As the Productivity Commission inquiry found, once a paid parental leave scheme is in place, it will be seen as a standard contract arrangement. The inquiry report, Paid parental leave: support for parents with newborn children, states:

The more that parental leave arrangements mimic those that exist as part of routine employment contracts, the more they will be seen by employers and employees as standard employment arrangements, with the dual effect of:

  • promoting employment continuity and workplace retention (thus helping to preserve job and employer-specific skills that would be reduced if parents were to resign or move to another employer) and reducing training costs for employers
  • signalling that a genuine capacity to take a reasonable period of leave from employment to look after children is just a normal part of working life.

And that is how it should be. The Productivity Commission report went on to say:

… there is compelling evidence of child and maternal health and welfare benefits from a period of absence from work for the primary carer of around six months …

So what will it mean if that becomes part of the way that we do things? It will mean better relationships between women and their children. It will mean greater opportunities for breastfeeding of babies. It will mean, I would hope, over time, less postnatal depression among women and a reduction in the dreadful burdens and conflicting choices that women always have with the financial impost that comes when their income is suspended. This will have wonderful benefits for our women and our children. There is compelling evidence about those benefits. There are sound rationales for stimulating women’s labour force participation rates to overcome the disincentives imposed by the existing welfare and tax systems on that participation. It is what women want to do. Just like men, they want to be able to choose their careers and they want those careers to prosper, but in most cases they also very much want to raise families. The commission report also stated:

  • PPL could advance broad social objectives, such as achieving greater gender equity and balance between paid work and family life.

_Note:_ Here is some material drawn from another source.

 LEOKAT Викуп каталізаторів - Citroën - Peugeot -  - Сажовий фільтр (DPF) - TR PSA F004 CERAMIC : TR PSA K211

These three points sum up the need for the Paid Parental Leave scheme for me. It will benefit families, it will benefit the workforce and it will progress us as a society. This is a good thing. I believe it is a fundamental characteristic of a socially inclusive society to have a paid parental leave scheme like the one we are debating here today.

It is the inalienable right of a woman to choose to have children; it is also the inalienable right of a woman to pursue a career. I look at many of my successful female colleagues in this parliament—frontbenchers, backbenchers, senators and those from the opposition—who juggle family commitments and the demands of new babies and see that they are often not extended the understanding that that is okay. This happens in every sector of the workforce. Women are contributing much to the workplace, to their families and to their community. They should be encouraged to do so and they should be supported to do so.

In this year’s federal budget we spoke of further strengthening the national economy, of helping families and of securing real future growth. This is exactly what paid parental leave is about—preparing our nation for the future. It reflects our child centred approach to family policy, which is fundamentally about what is in the best interests of children. The scheme will deliver crucial benefits to women, both in the workforce and at home. It will encourage workforce participation and productivity, both now and into the future. Most importantly, it will help cement the bonds of countless numbers of families across Australia—the benefits of which are difficult to quantify but which we all know are vital to family happiness, family harmony and the strength of the social fabric that underpins the society we depend upon, we want to belong to and we are proud of. I absolutely welcome this legislation and commend these bills to the House.